# Transfer Function for Complex Frequencies

Discussion in 'Homework Help' started by tquiva, Feb 1, 2011.

1. ### tquiva Thread Starter Member

Oct 19, 2010
176
1
Could someone please assist me with this problem:

Here's my work so far towards all three solutions:

Will someone please give me feedback on my solution?
I did not finish with part (b) as I got stuck on the circuit on the bottom right corner. What this circuit simplification correct? And was my answer for (a) correct? Any feedback is greatly appreciated.

2. ### Georacer Moderator

Nov 25, 2009
5,151
1,266
The endpoints of the resistor R2 are short circuited, thus it can be removed without any effect on the circuit. Continue your calculations with the remaining 3 resistors, R1, R3 and R4.

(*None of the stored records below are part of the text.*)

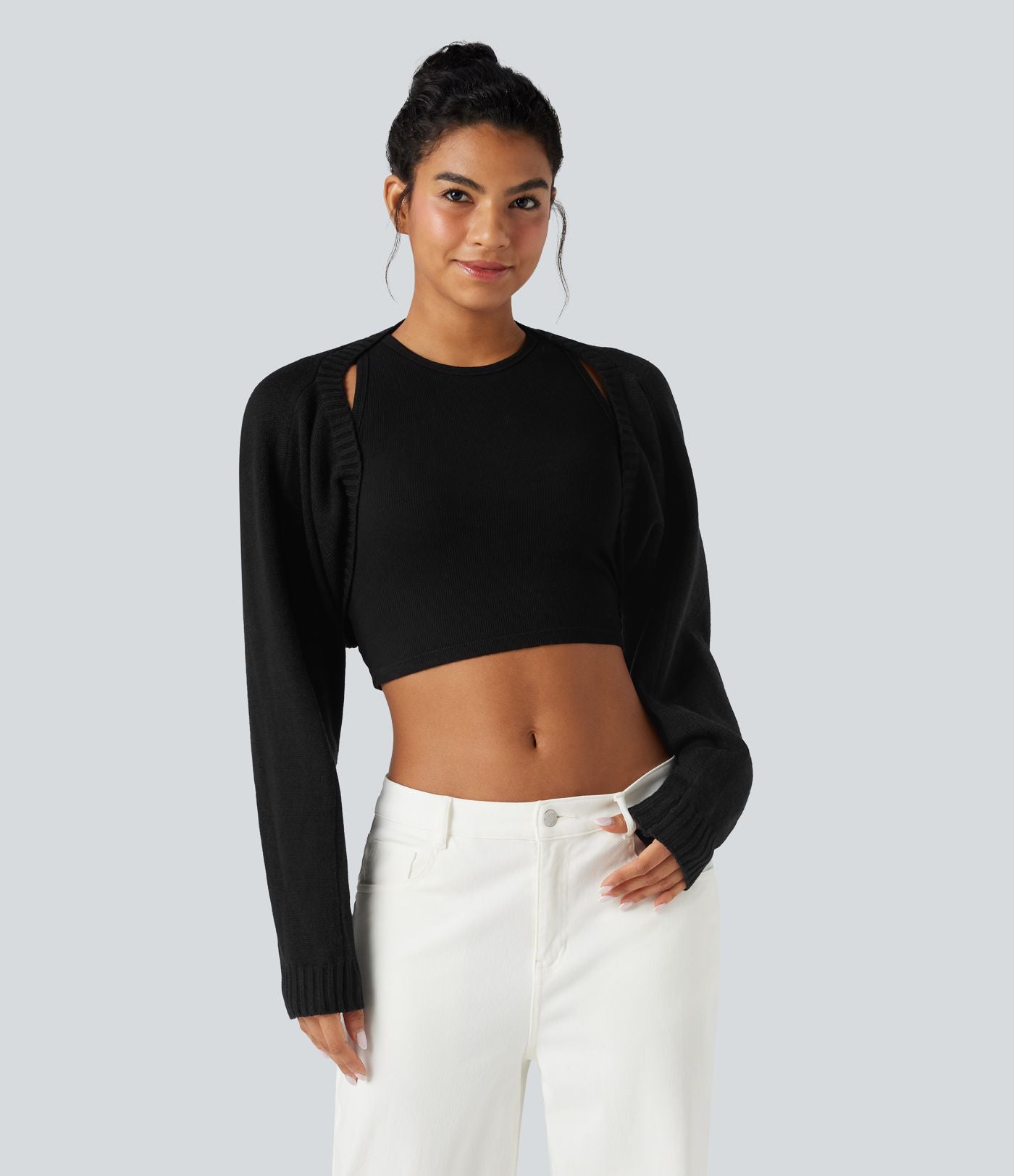 Boléro pull manches raglan longues coupe décontractée
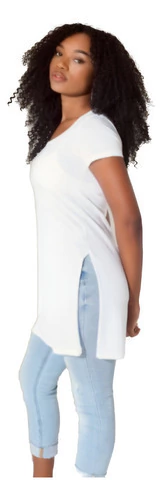 Remera Debora Larga C/tajo Hilado Fresh Mauro Sergio Art 719 - comprar online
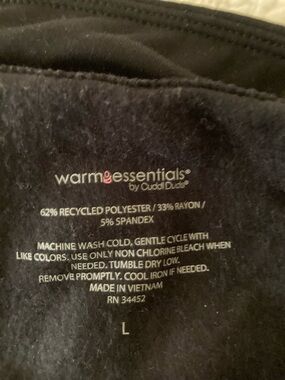 Cuddl Duds Warm Essentials Women's Black Pajama Bottom - L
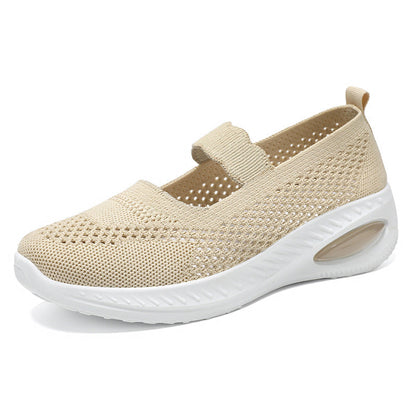 Damen Sneaker Slip-On Sport Schuhe atmungsaktiv Elastisch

The schematic on the bottom right isn't the same as the one on the bottom left. Just remove R2 and try again.

3. ### tquiva Thread Starter Member

Oct 19, 2010
176
1
Why is R2 short circuited?

4. ### t_n_k AAC Fanatic!

Mar 6, 2009
5,448
783
I don't think it would be.

R2 is a bit of a curiosity, in that it is a positive feedback element.

At DC, R2 feedback would place a value of Vo at the op-amp's positive input terminal. But the negative input terminal is biased via the voltage divider to a value of ...

Vo*R4/(R3+R4)

The op-amp would then presumably be driven into saturation at DC input, given V+ exceeds V- by a significant difference.

I haven't thought too much about the problem otherwise.

5. ### Georacer Moderator

Nov 25, 2009
5,151
1,266
In the high-frequency analysis, where the capacitors are replaced by shorts, the resistance R2 has its two pins short circuit. That means that it has 0 voltage applied on it and 0 current flowing trough it. In other words it is a "ghost" part for this circuit and can be removed without any effect on the rest of the circuit. I would be 100% sure about that, unless t_n_k didn't question me.

6. ### tquiva Thread Starter Member

Oct 19, 2010
176
1
alright, I will take your word for it.
Thank you very much.

However, was my answer for part a correct?

7. ### Georacer Moderator

Nov 25, 2009
5,151
1,266
I will say yes. Keep in mind however that in real-world, the offset voltage of the OpAmp will throw its output on either Vcc or Ground. This will give make the TF either 0 or Vcc.